_Short web captions_
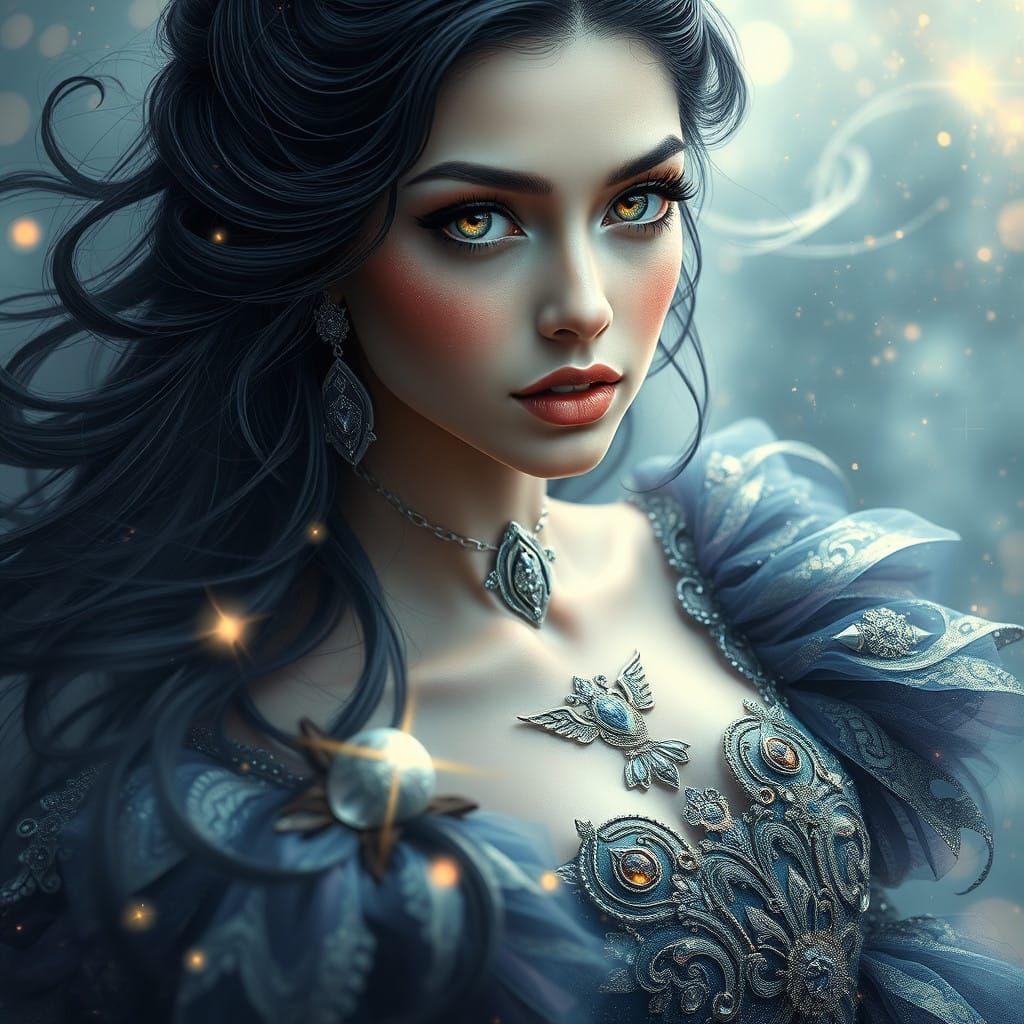 Ethereal Goddess in Cosmic Ball Gown, Radiant with Stardust....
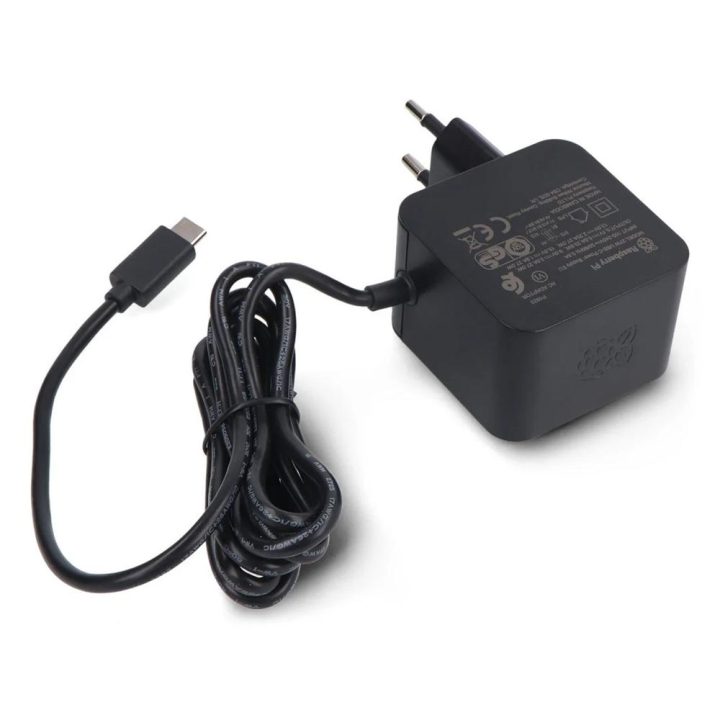 Raspberry Pi 5 USB-C 27 W Power Supply Charger Black (SC1157)
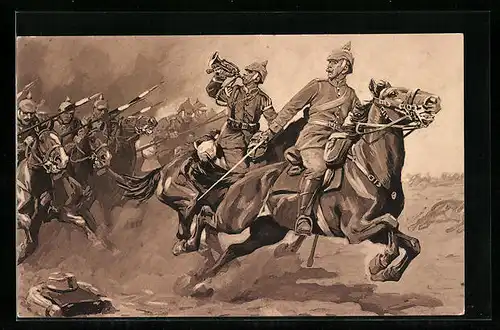 Künstler-AK Curt Schulz-Steglitz unsign.: Attacke deutscher Dragoner in der Schlacht an der Marne, Krieg 1914-15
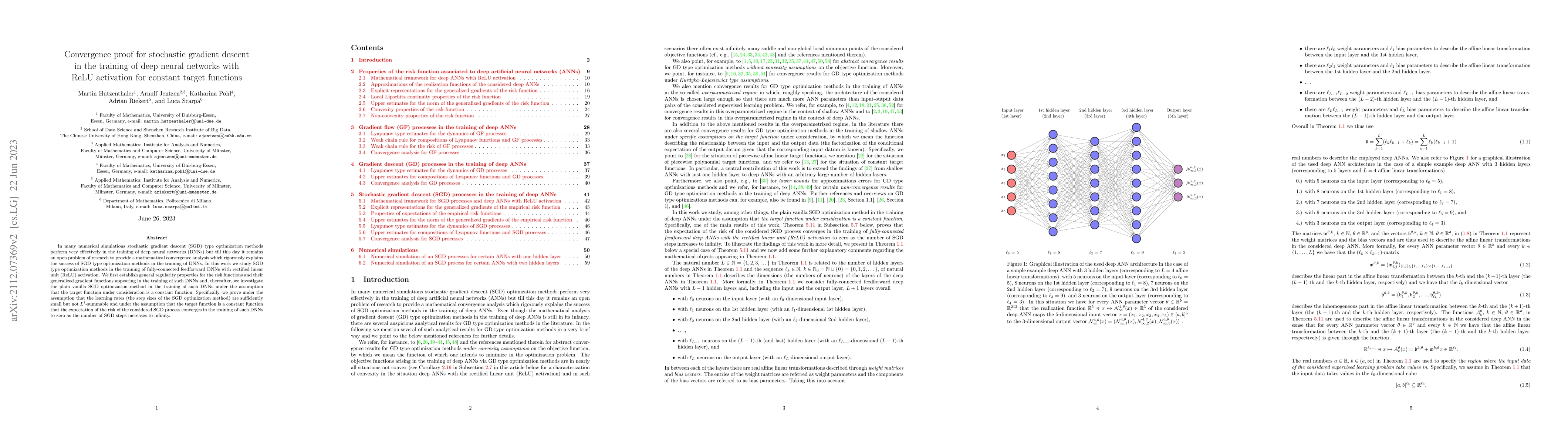 Thumbnail for Convergence proof for stochastic gradient descent in the training of
  deep neural networks with ReLU activation for constant target functions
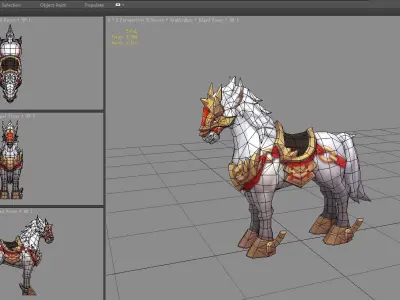 Cartoon white horse mount Low-poly 3D model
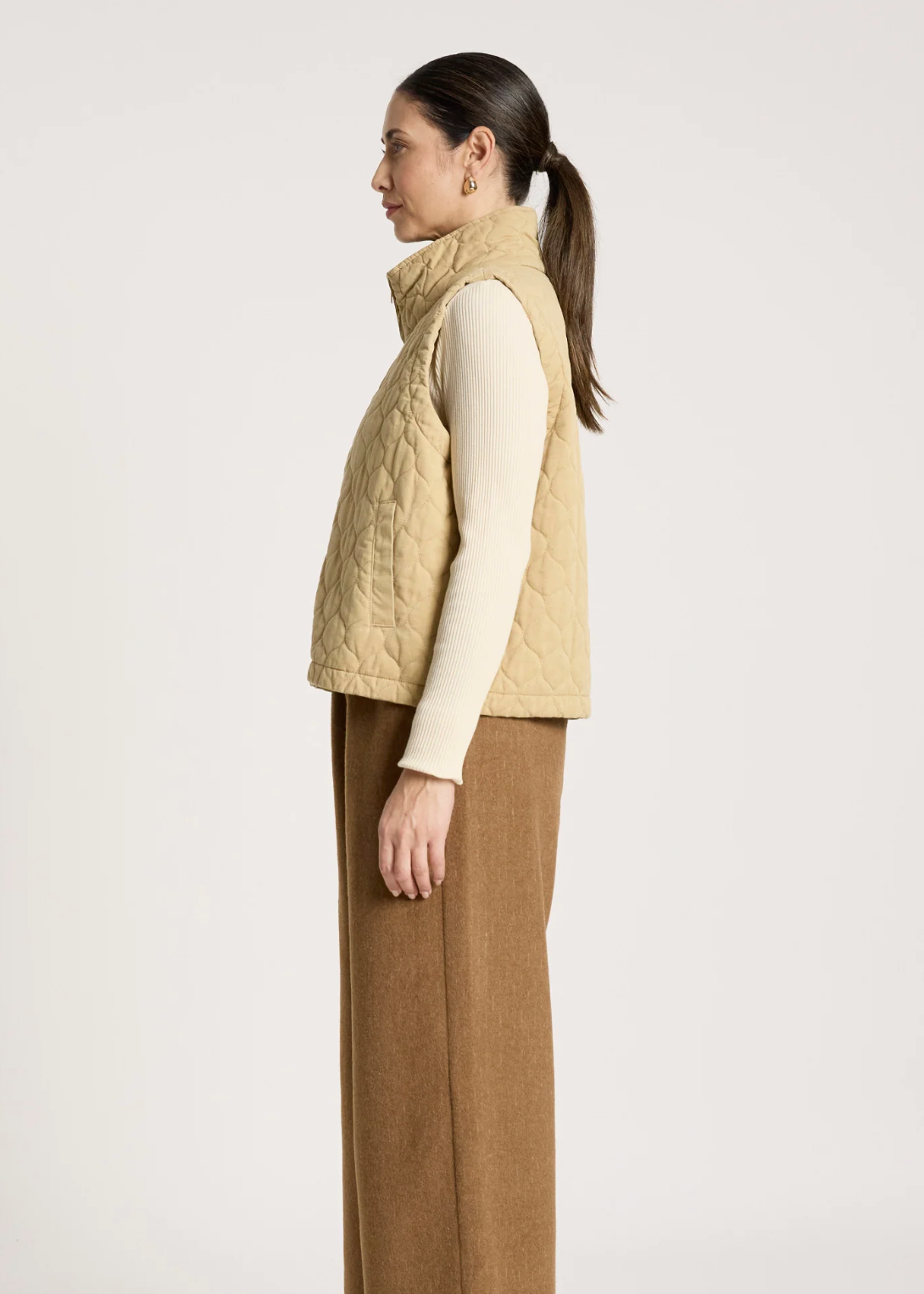 Quilted Crop Vest - Dune | Abbey Road Kaikoura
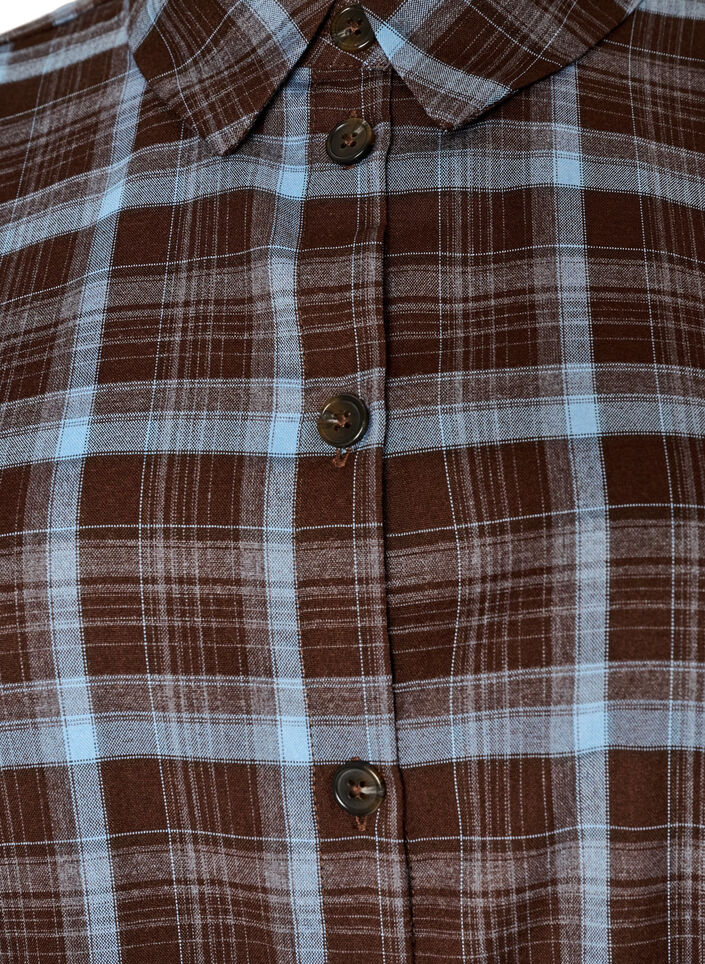 Knee-length shirt dress with a checked pattern, Brown, Packshot image number 2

_REQUIREMENT_
In the entries above, find the line containing "Thumbnail for Convergence", then please retype it and every line after it through the last, exactly as written, omitting pictures.

_EXPECTED ANSWER_
 Thumbnail for Convergence proof for stochastic gradient descent in the training of
  deep neural networks with ReLU activation for constant target functions
 Cartoon white horse mount Low-poly 3D model
 Quilted Crop Vest - Dune | Abbey Road Kaikoura
 Knee-length shirt dress with a checked pattern, Brown, Packshot image number 2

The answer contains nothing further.